We all remember the infamous tech boom and then bust of the late 1990s. As long as a stock had an “e” pre-fix and a “.com” suffix, it was considered a triple-A rated investment by financial advisers — something you couldn’t afford not to bet your IRA and your kids’ college education fund on. Then came the revelation that — whoops! — a lot of these stocks represented companies in website-name only, not actual revenue-producing businesses, and down went the market… and a lot of portfolios with it.
Despite the losses, this cycle of investing in companies whose value was a matter of pure speculation and hype nonetheless pressed on, subsequently creating the Enron debacle and, later, the Wall Street collapse. Only at that point, after more than a decade of financial rape and speculative pillaging, did we finally seem ready to reject an economy built on Bubblenomics. As bailouts drained the treasury, our righteous anger could have been summed up by that famous Bushism: “Fool me once, shame on you, fool me [twice]… can’t get fooled again.”
And yet, somehow, here we are again, watching the speculative class now using the hype around social media technology to try to reinflate the ol’ dot-com bubble that started the whole debacle. To know it’s a bubble is to look at the difference between what speculators are doing and what advertisers are saying.
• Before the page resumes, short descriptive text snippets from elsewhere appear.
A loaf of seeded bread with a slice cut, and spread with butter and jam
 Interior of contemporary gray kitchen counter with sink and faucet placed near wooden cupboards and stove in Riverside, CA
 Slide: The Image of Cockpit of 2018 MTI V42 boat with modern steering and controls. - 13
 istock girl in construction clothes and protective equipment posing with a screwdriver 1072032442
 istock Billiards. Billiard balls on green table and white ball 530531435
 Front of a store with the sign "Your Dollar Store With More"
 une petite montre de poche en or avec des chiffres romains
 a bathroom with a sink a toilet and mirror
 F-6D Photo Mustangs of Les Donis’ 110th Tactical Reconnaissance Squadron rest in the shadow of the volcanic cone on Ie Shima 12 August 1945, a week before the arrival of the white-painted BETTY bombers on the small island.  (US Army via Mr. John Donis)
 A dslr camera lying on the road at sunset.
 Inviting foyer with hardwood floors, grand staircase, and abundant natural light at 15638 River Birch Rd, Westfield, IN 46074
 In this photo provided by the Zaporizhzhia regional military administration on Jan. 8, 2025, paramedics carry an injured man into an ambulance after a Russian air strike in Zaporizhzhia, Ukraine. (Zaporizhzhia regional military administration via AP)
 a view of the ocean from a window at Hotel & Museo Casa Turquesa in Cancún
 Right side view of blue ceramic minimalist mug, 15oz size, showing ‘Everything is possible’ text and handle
On the speculative side, the Bubble Reinflation Project has most recently focused on the initial public offerings of LinkedIn, a weak version of Facebook, and Groupon, a website that offers daily consumer discounts. According to Reuters, the former has only about 1,300 employees and generates only about $2 in revenue for every user it claims, but after its stock’s first week of public trading, the company’s “market value per employee was almost $7 million and about $87 per user.” The latter, set for an obscene $30 billion initial valuation, has revenue growth of 2,241 percent last year (only its second year in existence) but “its operating expenses ballooned even faster at 5,732 perecent,” reports the Wall Street Journal.